Related, but distinct, is the question about the graphical structure of psychometric models. What causes what? One can indeed do causal modeling. Here is an attempt: Quintana (2020), with a result like this:
the algorithms identified prior achievement, executive functions (in particular, working memory, cognitive flexibility, and attentional focusing), and motivation as direct causes of academic achievement.
In practice, this is fraught because it is difficult; see various disputes below. Also, it is taboo in the field (Grosz, Rohrer, and Thoemmes 2020).
2 Smarts
Various links on the \(g\)-factor debate, by which I understand is meant the hypothesis that there is a useful, simple, explanatory, heritable, identifiable, falsifiable, scalar, consistent measure of human cognitive capacity/speed/efficiency. Closely coupled with IQ, which is supposed to measure some approximation of it.
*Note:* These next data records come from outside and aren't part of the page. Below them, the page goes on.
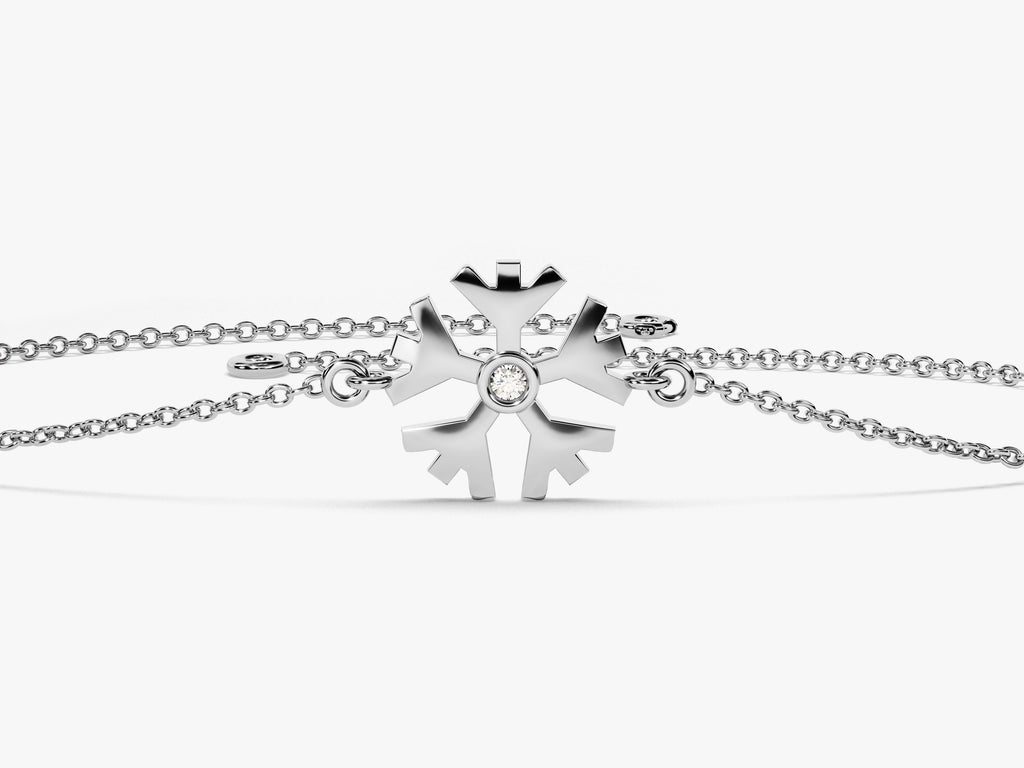 0.01 TCW Flower Charm Moissanite Bracelet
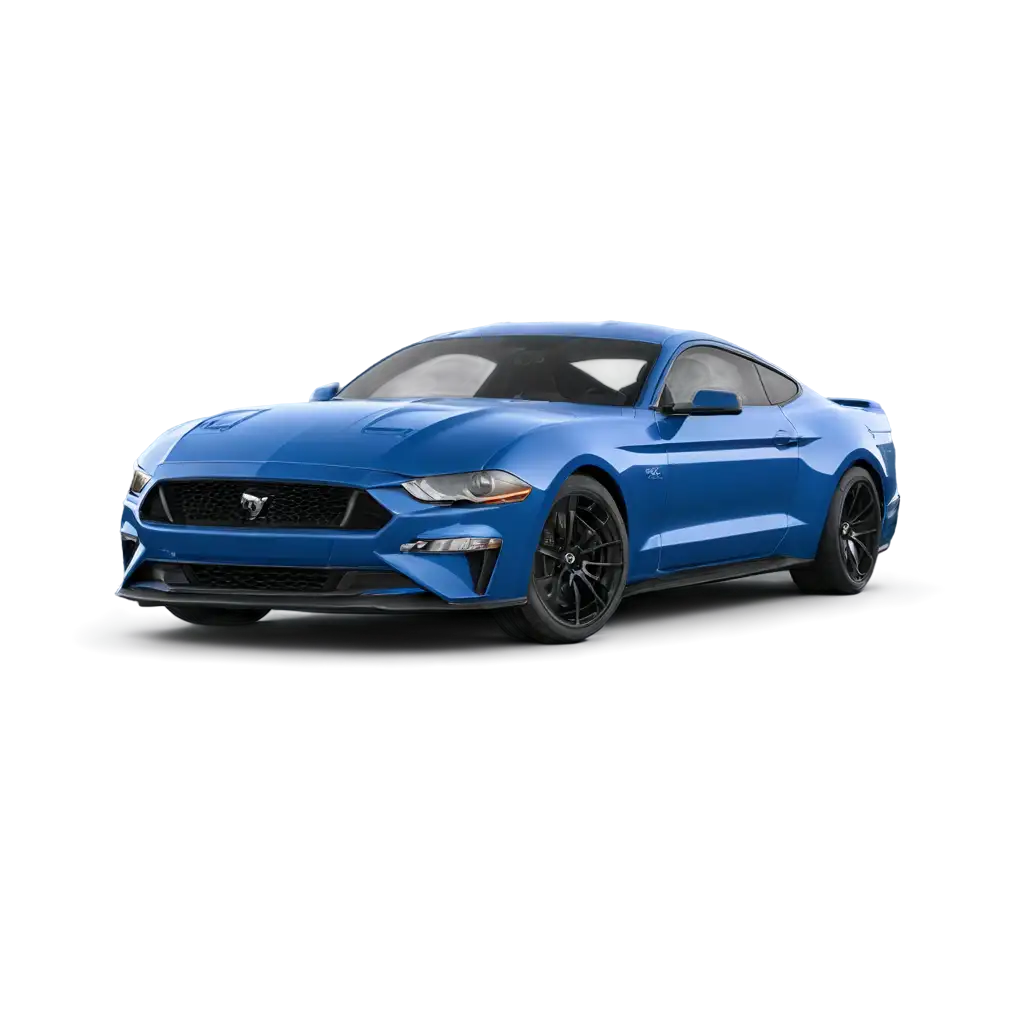 Stunning-Blue-Mustang-GT-2022-PNG-for-HighQuality-Visuals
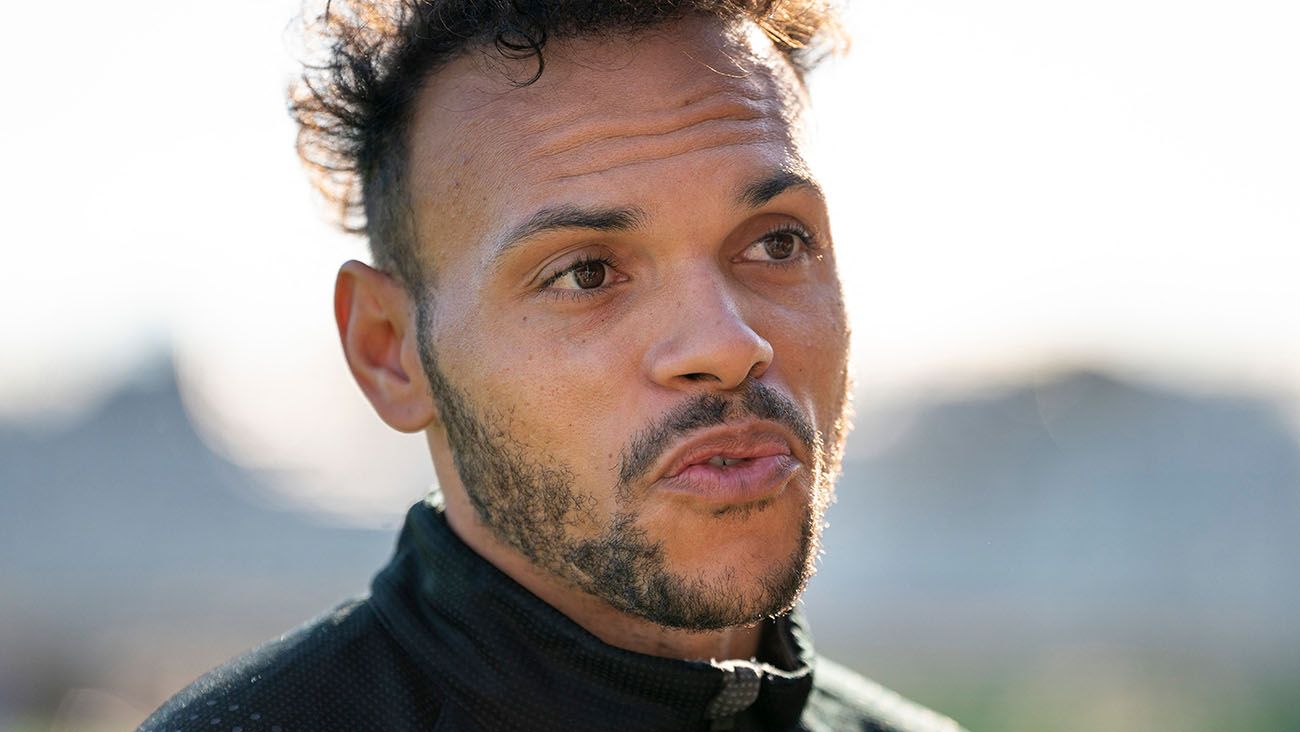 Martin Braithwaite in training with Denmark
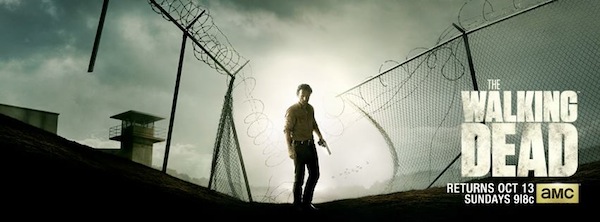 the-walking-dead season 4 banner Rick at prison gate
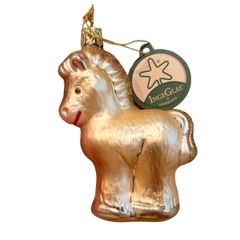 INGE-GLAS Vintage ドイツ製 ポニー ガラスオーナメント クリスマス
I know little about this concept. FWIW I feel intuitively that a minimal more interesting question would be about psychometric nonparametric dimension reduction if you wanted to measure what humans could do, And it would make the task-specific predictive loss function explicit.
For a more lavish viewpoint, consider Georgi (2022):
The conclusion I draw from many years of physicist watching is that if you want to quantify what makes a great physicist, you must use a space with very many dimensions, a different dimension for each of the very many possible ways of thinking that may be important for really interesting problems. I sometimes imagine a spherical cow model of physics talent in N dimensions where N is large and talent in each dimension increases from 0 at the origin to 1 at the boundary, the N-dimensional version of the positive octant of a sphere. This, I learned from Wikipedia, is called an “orthant”. Each point in my N-dimensional orthant is a possible set of talents for physics. Great physicists are out near the boundary, far away from the origin. If we assume that the talents are uniformly distributed, you can see that in my spherical cow model, the fraction of possible physics talents within ε of the boundary grows like N times ε for small ε. If N is very large, as I think it is, that means that there is a lot of space near the boundary! What this suggests to me is that there are a huge number of ways of being a great physicist and that in turn suggests there are many ways of being a great physicist that we haven’t seen yet.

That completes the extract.